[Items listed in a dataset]
- - -

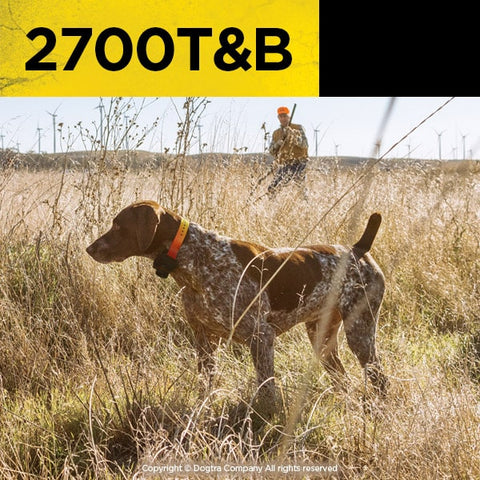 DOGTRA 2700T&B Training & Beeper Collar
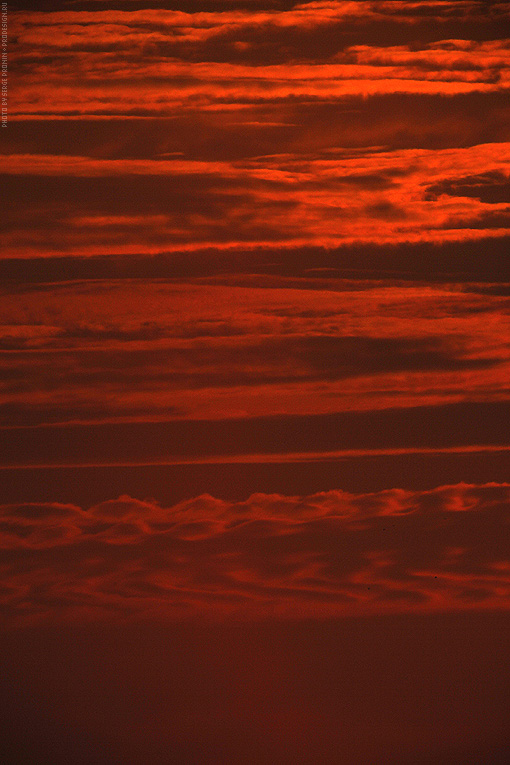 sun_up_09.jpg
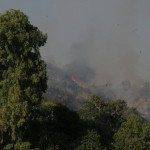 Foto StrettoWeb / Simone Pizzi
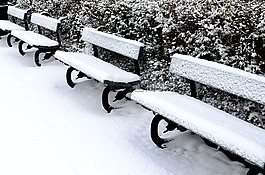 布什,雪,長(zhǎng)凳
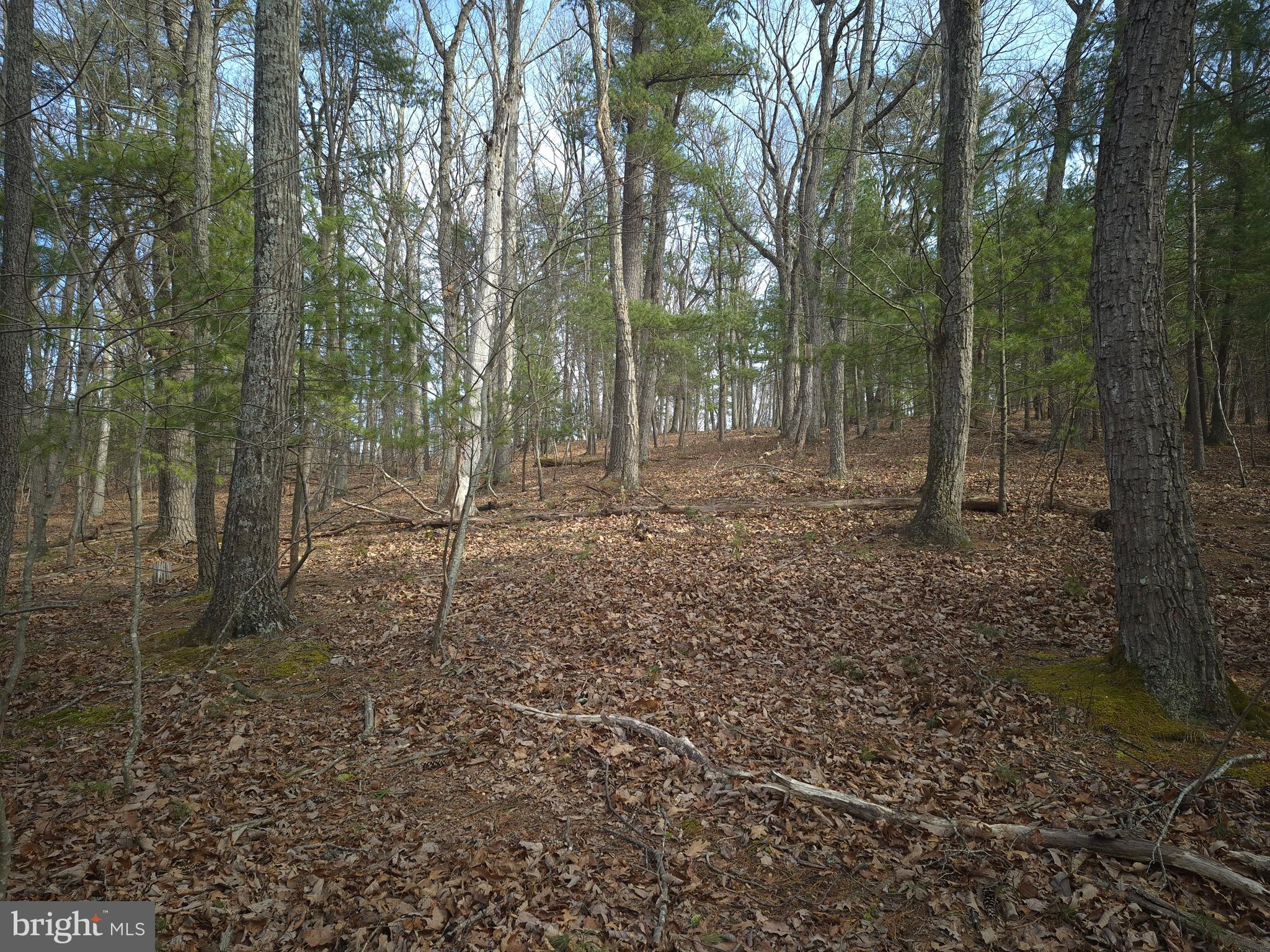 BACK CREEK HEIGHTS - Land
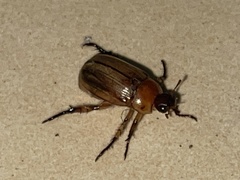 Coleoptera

- - -

Problem to solve ▸ Pictures do not belong in the copy. Reproduce the rest of the data exactly.

Written solution ▸
 DOGTRA 2700T&B Training & Beeper Collar
 sun_up_09.jpg
 Foto StrettoWeb / Simone Pizzi
 布什,雪,長(zhǎng)凳
 BACK CREEK HEIGHTS - Land
 Coleoptera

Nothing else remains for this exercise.